Go through the listing below and write out exactly the lines from the one that mentions "طرز تهیه ترشی گلک موسیر+ نکات کپک نزدن" through the one that mentions "Officine Creative Low Heel Loafers", minus the pictures.

# SUPPLIED ENTRIES:

---

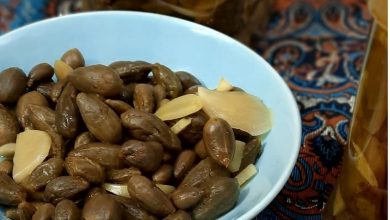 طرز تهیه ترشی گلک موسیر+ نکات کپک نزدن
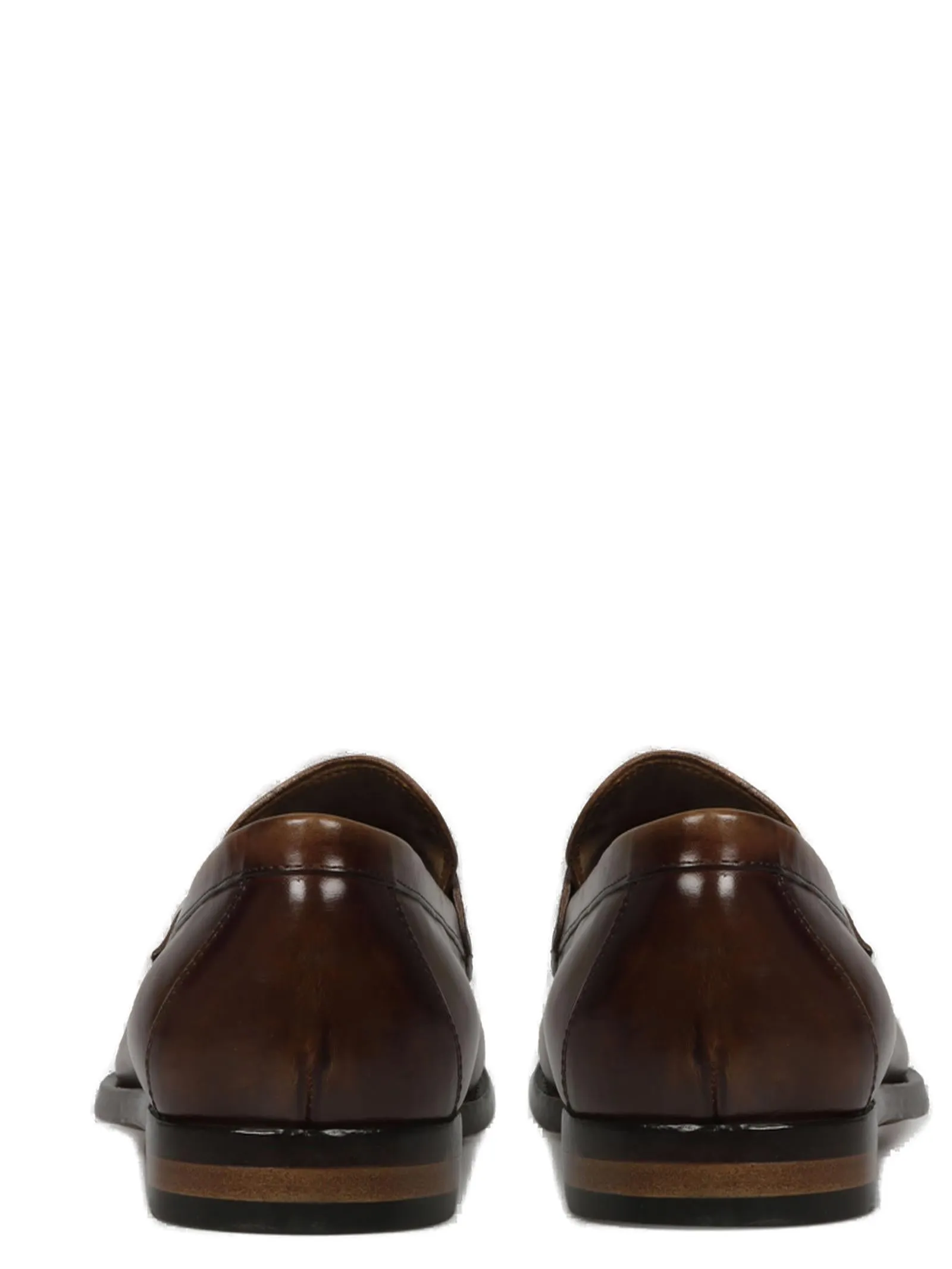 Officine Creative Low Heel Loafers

---

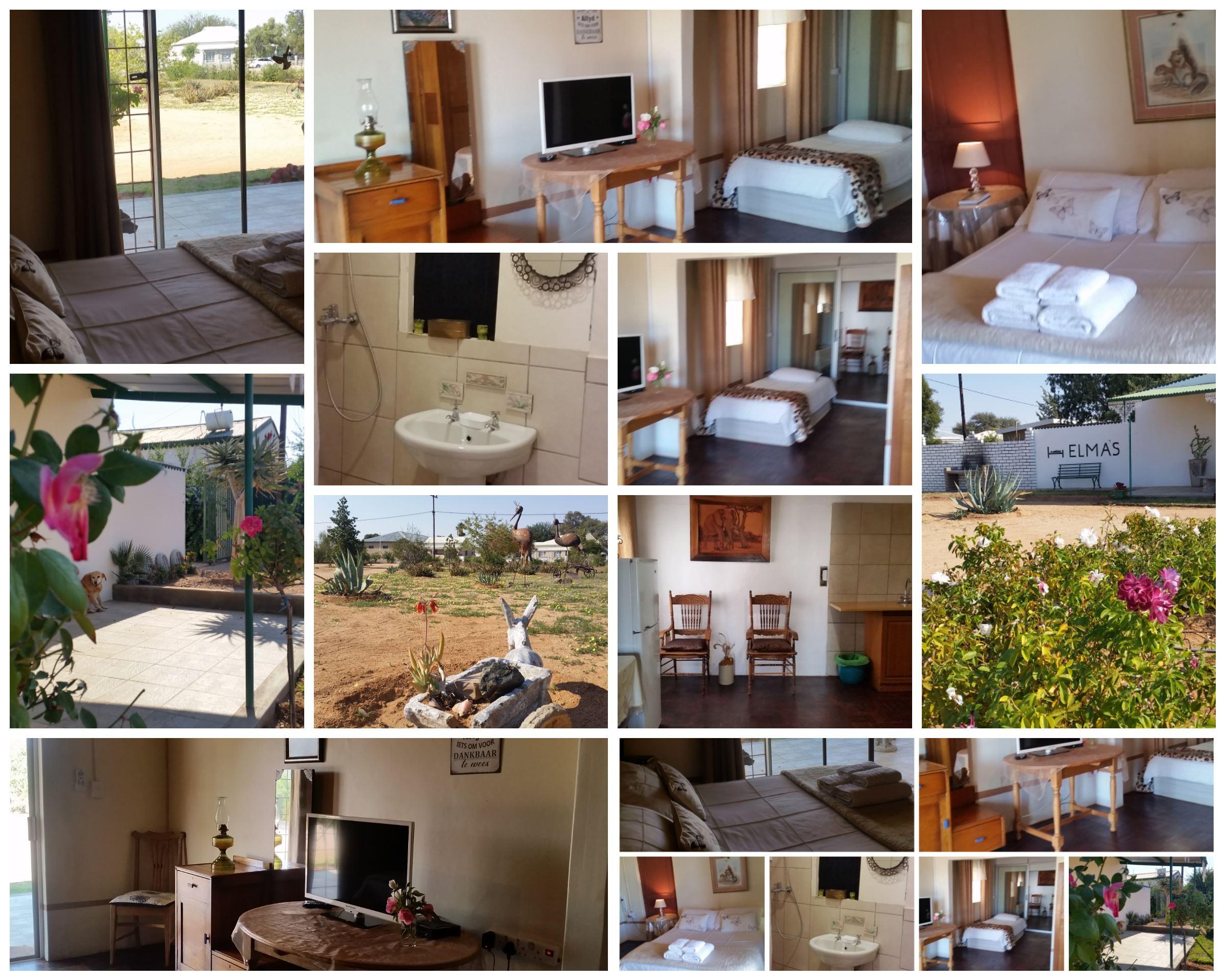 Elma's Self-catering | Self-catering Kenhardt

---

# EXERCISE OUTPUT:
 طرز تهیه ترشی گلک موسیر+ نکات کپک نزدن
 Officine Creative Low Heel Loafers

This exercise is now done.